Najtańsze konta dla mikrofilm

W niektórych bankach jest prowadzone za darmo. Jednak zerowe lub niskie opłaty rzadko idą w parze z wysokim oprocentowaniem, choć i takie oferty się pojawiły

Publikacja: 11.10.2012 01:09

Red

Firmowe konto dla najmniejszych firm (głównie dotyczy to jednoosobowej działalności gospodarczej) jest już standardem praktycznie w każdym banku. Niestety, często jest sporo droższe w porównaniu z rachunkiem dla klientów detalicznych.

Tymczasem, jak wynika z doświadczeń doradców finansowych Tax Care, klientom firmowym także zależy przede wszystkim na wygodzie i niskich kosztach obsługi. Dlatego analizując ofertę rynkową, założyliśmy, że na konto co miesiąc wpływa co najmniej 1500 zł, a wszystkie przelewy robione są za pośrednictwem Internetu, najtańszej formy obsługi rachunku.

Zobacz najtańsze konta dla przykładowych grup mikroprzedsiębiorców

Przyjęliśmy także, że mikroprzedsiębiorca korzysta z firmowego konta minimum przez rok, opłaca składki na ZUS tylko za siebie (musi w tym celu wykonać trzy przelewy w miesiącu: na konto ubezpieczeń społecznych, zdrowotnych oraz Funduszu Pracy). Wykonuje ponadto dwa przelewy do urzędu skarbowego (podatek dochodowy i VAT), dziesięć przelewów do innego banku i cztery przelewy stałe. Do tego dwukrotnie w miesiącu podejmuje pieniądze z obcych bankomatów, a jego miesięczne płatności kartą są nie mniejsze niż 500 zł.

Najtaniej, czyli za darmo

Biorąc pod uwagę wszystkie powyższe założenia, w trzech bankach: Deutsche Bank PBC, Idea Banku oraz Meritum Banku przedsiębiorcy mogą używać rachunku firmowego za darmo.

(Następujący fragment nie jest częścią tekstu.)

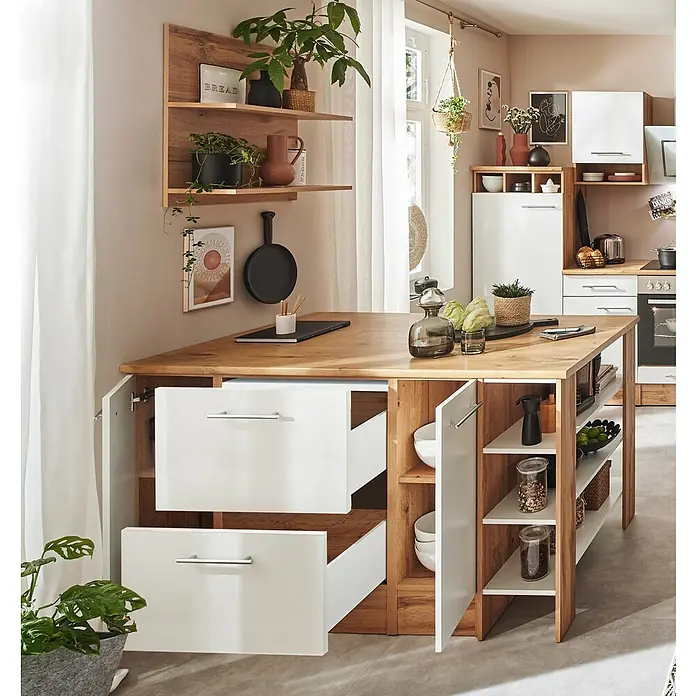 Respekta Inselküche Hilde Typ 2 - Breite: 280 cm, Weiß, Matt, Mit Elektrogeräten - Ein Kücheninsel-Design mit weißen Schubladen und Holzregalen bietet eine elegante und funktionale Ergänzung für jede moderne Küche.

Drugie miejsce przypadło ex aequo FM Bankowi (również specjalizującemu się w usługach dla firm) oraz Bankowi Pocztowemu. Miesięczna opłata w tych bankach wyniosła 5 zł, przy czym Bank Pocztowy nalicza ją za używanie karty, natomiast w FM Banku trzeba się z nią liczyć, gdy dwa razy korzysta się z „prowizyjnych" bankomatów.

Trzecie miejsce przypadło Alior Bankowi. Miesięczne opłaty za prowadzenie firmowego rachunku wynoszą tam 7 zł (łącznie opłaty za kartę i cztery zlecenia stałe).

Nawet kilka razy więcej

Dla porównania, w niektórych bankach dokładnie za te same czynności trzeba zapłacić nawet kilkadziesiąt złotych miesięcznie. Na przykład w Banku Gospodarstwa Krajowego miesięczne opłaty za prowadzenie firmowego rachunku wynoszą 83 zł. Na takie koszty złożyły się: 40 zł opłaty za prowadzenie rachunku, opłaty za wszystkie przelewy internetowe (w tym także do ZUS i urzędu skarbowego) oraz za obsługę konta przez Internet (15 zł).

Drogi jest także BPS, w którym najwięcej kosztuje prowadzenie konta – aż 50 zł miesięcznie. Na brak opłaty z tego tytułu mogą co prawda liczyć przedsiębiorcy, których średnie miesięczne saldo za poprzedni miesiąc wynosiło 15 tys. zł, ale dla mikroprzedsiębiorców utrzymanie takiego salda może być trudne.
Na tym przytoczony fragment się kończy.